What is Emotional Neglect?

When we imagine the difficulties involved in a so-called ‘bad childhood’, we most readily think in terms of children who are physically harmed – beaten, underfed, sexually abused – or else treated with active contempt: screamed at, blamed, put down, mocked and tormented.

Such harrowing images make it hard for us to picture that there might be another, in many ways more prevalent yet just as damaging form of injury to which children may be exposed. In this case, there is no physical violence, there is no taunting or shouting. It looks – at first glance – as if all must be well. But that would be to miss the particular kind of wound that can be inflicted through what psychologists term ‘emotional neglect.’

We’re so used to focusing on abuses that spring from interventions, we forget those that can equally painfully flow from absence. The emotionally neglected child isn’t screamed at or hit, locked up or jeered at. they are just – often very subtly – ignored. A parent doesn’t smile at them very much. There is never any time to take a look at the drawing they just did or the story they wrote. No one remembers their stuffed animal’s name. No one notices that they are looking sad and that the first day at school might have been very difficult. There’s always something more urgent to do than spend time with them (perhaps another sibling to think about or the demands of work or of their partner. There might be a lot of parties as well). The parent seems in no way charmed or interested. There are no cuddles or hair ruffles, there are no nicknames or terms of endearment. Birthdays get forgotten. Tears aren’t dried or consoled. The parent doesn’t look the child in the eye. They might, shortly after the birth, go off and live in another household. Or, what might feel equivalent, in another galaxy.
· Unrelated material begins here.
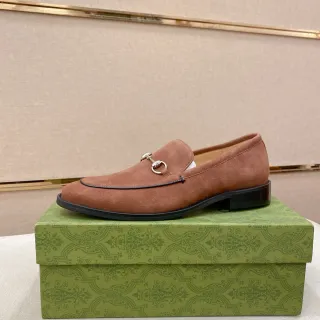 Gucci Horsebit 1955 भूरा स्यूड लूफर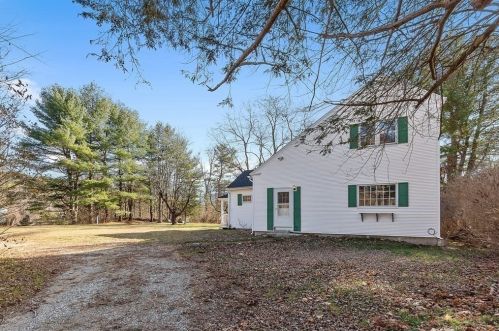2 Jewell Hill Rd, Ashburnham, MA 01430 exterior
None of this may seem – at first glance – to be especially bad, particularly because the insidious behaviour is largely invisible. It is compatible with all kinds of outward signs of healthy family life. There can be emotional neglect in a beautiful home with a large well stocked fridge and a swimming pool in the garden. Emotionally neglected children may be sent to the best schools and equipped with tutors and nannies. Everything can look very sane and privileged.

But that isn’t to say that no damage is being done. The psychologist William James presciently observed that it might as bad, if not worse, to be on the receiving end of indifference as of physical torment: ‘No more fiendish punishment could be devised, were such a thing possible, than that one should be turned loose in society and remain absolutely unnoticed by all the members thereof. If no one turned around when we entered, answered when we spoke, or minded what we did, but if every person we met “cut us dead”, and acted as if we were non-existent things, a kind of rage and impotent despair would before long well up in us, from which the cruellest bodily torture would be a relief.’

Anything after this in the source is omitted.